For another thing, Maccaferri’s plastic ukes sounded and played pretty darned good for a $5.95 instrument. Curiously enough, the molding process allowed intonation to be consistently correct. The ukes’ top was an ivory color, while the body could be colored, including with a more or less woodgrain effect.

The Islander line

By November of 1951 the Maccaferri Islander uke line included three instruments, “For Happy Moments!” the original Islander, “the UKE Arthur Godfrey made famous,” at $5.95, the Islander Deluxe at $7.95, and the Sparkle Plenty Islander Ukette at $2.98. The Islander was a standard uke which came packaged with a book by Jack O’Brian, Godfrey the Great: The Life Story of Arthur Godfrey, an instruction and song book by May Singhi Breen, an all-weather polythene bag, felt pick and key adjuster. Islander Deluxe had a slightly larger body, a fingerboard that extended an extra three frets on the treble side, “metalized frets,” and special patented tuning pegs. It, too, came with the books. The Ukette was a small-scale (!) uke for small children and came with an instruction book with songs for children. The Sparkle Plenty moniker, by the way, was another curious example of marketing pizazz. Sparkle Plenty was a comic strip character whose name was licensed from the Chicago Tribune.

In addition to the three ukes, there was also the Islander Visual Chordmaster that could be had for a buck. This was an attachment secured to the fingerboard by rubber bands which featured little buttons with chord names. Press a button and the strings were automatically stopped down, turning the uke into sort of an autoharp.

By April of 1952, improvements in production efficiency (and no doubt competition from knock-offs), allowed Maccaferri to slash the price of the Islander from $5.95 to $3.95, without cutting dealer margins. As reported in The Music Trades, “all Islander Ukuleles are still hand finished by master craftsmen.”

Godfrey and the lawyers

One final word about the Arthur Godfrey connection.

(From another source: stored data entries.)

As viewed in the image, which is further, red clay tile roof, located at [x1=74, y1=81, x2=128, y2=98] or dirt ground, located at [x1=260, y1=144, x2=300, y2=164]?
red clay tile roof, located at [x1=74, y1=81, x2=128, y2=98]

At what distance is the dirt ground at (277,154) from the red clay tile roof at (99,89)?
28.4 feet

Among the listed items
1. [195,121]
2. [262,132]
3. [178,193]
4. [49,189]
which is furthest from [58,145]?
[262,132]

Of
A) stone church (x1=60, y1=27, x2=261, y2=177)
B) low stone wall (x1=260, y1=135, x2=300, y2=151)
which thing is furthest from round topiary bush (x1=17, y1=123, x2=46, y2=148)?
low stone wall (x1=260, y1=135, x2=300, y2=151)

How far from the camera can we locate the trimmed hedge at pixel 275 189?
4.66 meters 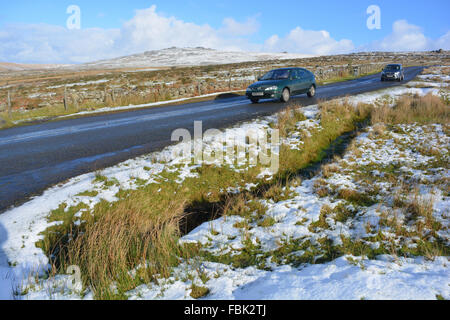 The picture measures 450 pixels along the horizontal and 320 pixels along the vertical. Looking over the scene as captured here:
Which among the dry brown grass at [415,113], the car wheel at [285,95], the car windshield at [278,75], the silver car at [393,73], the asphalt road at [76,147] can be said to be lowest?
the asphalt road at [76,147]

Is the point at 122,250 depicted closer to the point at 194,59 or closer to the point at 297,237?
the point at 297,237

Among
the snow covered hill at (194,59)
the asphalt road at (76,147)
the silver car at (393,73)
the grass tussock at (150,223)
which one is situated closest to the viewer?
the grass tussock at (150,223)

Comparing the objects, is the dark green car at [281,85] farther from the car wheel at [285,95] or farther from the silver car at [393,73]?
the silver car at [393,73]

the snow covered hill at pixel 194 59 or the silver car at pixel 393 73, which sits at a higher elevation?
the snow covered hill at pixel 194 59

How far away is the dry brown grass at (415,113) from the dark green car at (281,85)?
4.97 meters

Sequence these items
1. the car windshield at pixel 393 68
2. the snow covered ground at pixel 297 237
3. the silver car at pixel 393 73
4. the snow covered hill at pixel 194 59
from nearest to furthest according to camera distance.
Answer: the snow covered ground at pixel 297 237 < the silver car at pixel 393 73 < the car windshield at pixel 393 68 < the snow covered hill at pixel 194 59

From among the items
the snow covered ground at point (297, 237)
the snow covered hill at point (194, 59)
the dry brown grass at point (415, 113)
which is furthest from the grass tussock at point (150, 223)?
→ the snow covered hill at point (194, 59)

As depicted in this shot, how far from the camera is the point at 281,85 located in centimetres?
1549

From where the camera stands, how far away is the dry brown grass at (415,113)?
10812 millimetres

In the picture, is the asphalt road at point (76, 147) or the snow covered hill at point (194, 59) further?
the snow covered hill at point (194, 59)

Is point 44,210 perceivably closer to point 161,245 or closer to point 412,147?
point 161,245

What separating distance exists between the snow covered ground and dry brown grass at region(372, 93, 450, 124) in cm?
317

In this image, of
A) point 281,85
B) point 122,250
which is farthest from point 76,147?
point 281,85

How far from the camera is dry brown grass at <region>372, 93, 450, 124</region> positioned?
426 inches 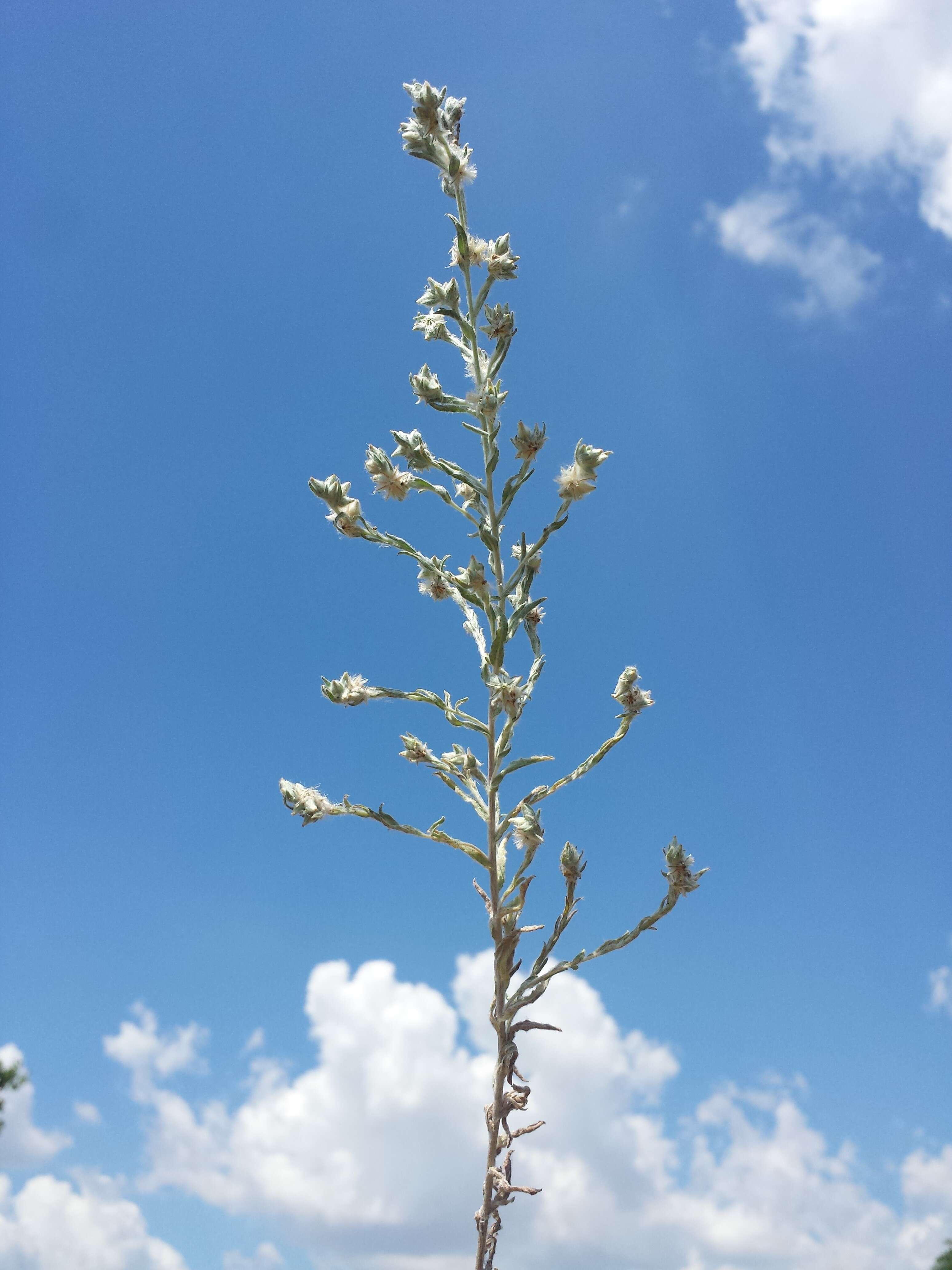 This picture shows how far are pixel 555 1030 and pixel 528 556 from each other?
235cm

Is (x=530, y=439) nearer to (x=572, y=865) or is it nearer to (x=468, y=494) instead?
(x=468, y=494)

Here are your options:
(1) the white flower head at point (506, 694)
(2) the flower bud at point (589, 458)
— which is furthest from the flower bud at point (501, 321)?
(1) the white flower head at point (506, 694)

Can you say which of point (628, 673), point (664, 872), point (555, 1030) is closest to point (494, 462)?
point (628, 673)

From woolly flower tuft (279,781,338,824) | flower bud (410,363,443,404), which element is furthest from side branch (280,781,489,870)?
flower bud (410,363,443,404)

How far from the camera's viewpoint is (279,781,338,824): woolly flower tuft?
169 inches

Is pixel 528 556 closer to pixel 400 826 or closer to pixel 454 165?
pixel 400 826

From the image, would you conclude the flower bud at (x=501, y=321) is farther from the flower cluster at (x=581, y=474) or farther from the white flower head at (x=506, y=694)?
the white flower head at (x=506, y=694)

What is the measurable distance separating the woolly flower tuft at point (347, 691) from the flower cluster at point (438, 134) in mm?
2793

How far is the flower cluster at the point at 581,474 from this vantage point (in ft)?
14.5

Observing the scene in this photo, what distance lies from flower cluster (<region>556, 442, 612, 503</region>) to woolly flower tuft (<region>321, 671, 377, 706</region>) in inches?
55.2

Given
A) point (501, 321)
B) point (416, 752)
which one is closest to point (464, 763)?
point (416, 752)

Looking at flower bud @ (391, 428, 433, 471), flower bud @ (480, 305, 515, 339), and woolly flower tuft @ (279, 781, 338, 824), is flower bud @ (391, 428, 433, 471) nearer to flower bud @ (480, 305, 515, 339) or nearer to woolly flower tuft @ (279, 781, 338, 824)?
flower bud @ (480, 305, 515, 339)

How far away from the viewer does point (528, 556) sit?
473 centimetres

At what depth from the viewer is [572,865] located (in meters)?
4.32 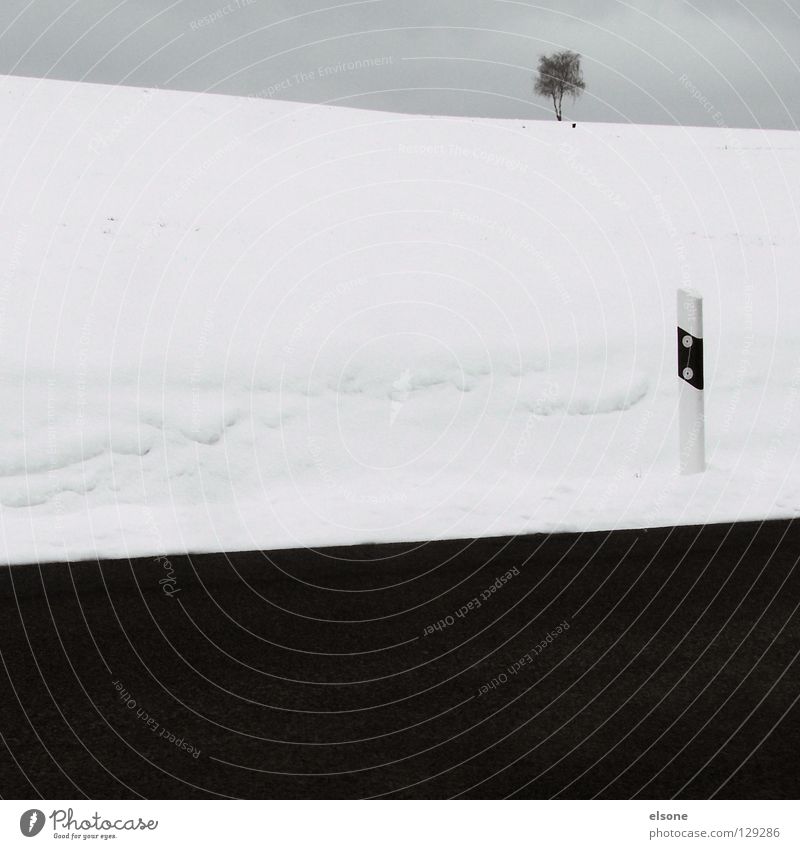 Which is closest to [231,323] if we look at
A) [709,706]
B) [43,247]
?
[43,247]

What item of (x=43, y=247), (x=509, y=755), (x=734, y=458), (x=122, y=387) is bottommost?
(x=509, y=755)

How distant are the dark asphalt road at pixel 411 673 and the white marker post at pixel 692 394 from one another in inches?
63.0

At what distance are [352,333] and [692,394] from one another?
13.1 feet

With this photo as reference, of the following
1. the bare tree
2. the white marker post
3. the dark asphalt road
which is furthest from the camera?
the bare tree

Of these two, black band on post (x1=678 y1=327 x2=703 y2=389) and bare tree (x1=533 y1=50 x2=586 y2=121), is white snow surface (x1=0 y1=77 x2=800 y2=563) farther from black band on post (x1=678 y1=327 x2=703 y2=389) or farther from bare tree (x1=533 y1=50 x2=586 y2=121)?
bare tree (x1=533 y1=50 x2=586 y2=121)

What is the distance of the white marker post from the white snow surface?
20 cm

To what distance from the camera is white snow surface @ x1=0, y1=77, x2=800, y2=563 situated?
7172 mm

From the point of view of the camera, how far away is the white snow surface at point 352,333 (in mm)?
7172

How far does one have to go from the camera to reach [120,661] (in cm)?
445

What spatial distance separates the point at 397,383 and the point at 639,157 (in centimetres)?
1256

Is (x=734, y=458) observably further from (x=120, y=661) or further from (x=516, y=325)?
(x=120, y=661)

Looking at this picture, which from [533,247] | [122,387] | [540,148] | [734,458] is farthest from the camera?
[540,148]

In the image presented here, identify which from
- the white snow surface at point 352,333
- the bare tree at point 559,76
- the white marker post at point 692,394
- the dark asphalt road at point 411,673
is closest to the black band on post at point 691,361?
the white marker post at point 692,394

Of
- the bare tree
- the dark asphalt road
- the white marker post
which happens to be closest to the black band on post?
the white marker post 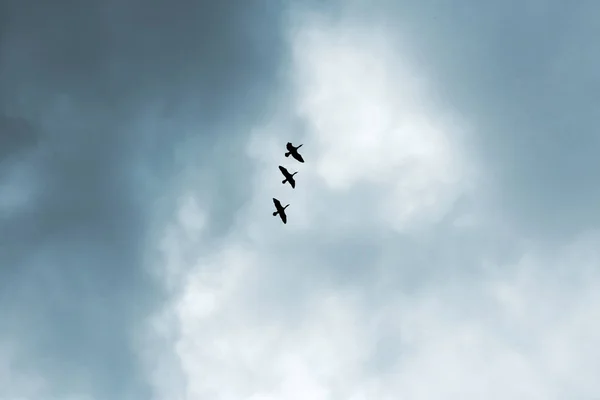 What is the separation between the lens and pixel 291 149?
177250mm

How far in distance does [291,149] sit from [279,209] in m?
24.8

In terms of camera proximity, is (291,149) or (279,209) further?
(279,209)

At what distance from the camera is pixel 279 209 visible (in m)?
192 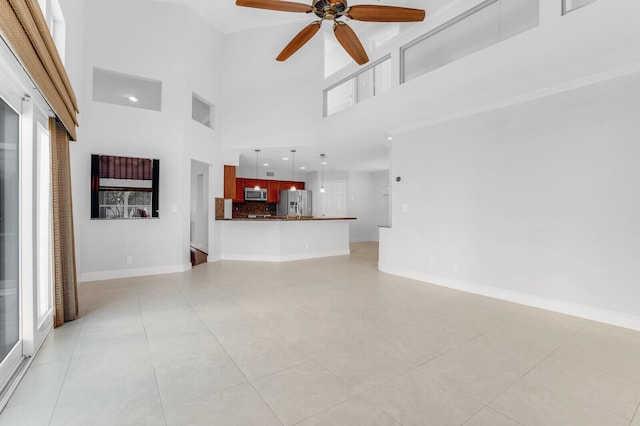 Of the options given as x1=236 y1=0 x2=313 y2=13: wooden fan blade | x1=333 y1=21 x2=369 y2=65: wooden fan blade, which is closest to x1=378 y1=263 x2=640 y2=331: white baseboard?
x1=333 y1=21 x2=369 y2=65: wooden fan blade

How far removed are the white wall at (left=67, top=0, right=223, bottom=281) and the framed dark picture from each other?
12 cm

The Islander Deluxe was originally intended to be the Arthur Godfrey model. However, just before the idea was to be presented to Godfrey, on the air Arthur trashed a uke being sold by a big retail chain. He was eventually sued by the retailer and lost over the incident. The Maccaferris’ lawyer recommended that the potential liability from Godfrey’s freewheeling opinions was too great a risk to take, and the uke became simply the Islander Deluxe.

Over the years Maccaferri desired to repay Godfrey for the incredible boost to business the entertainer’s endorsement inspired, but he refused to take any recompense. Once Mario even rolled up a bunch of $100 bills and put them into an expensive cigarette case and sent them to Arthur, but Godfrey sent the gift back.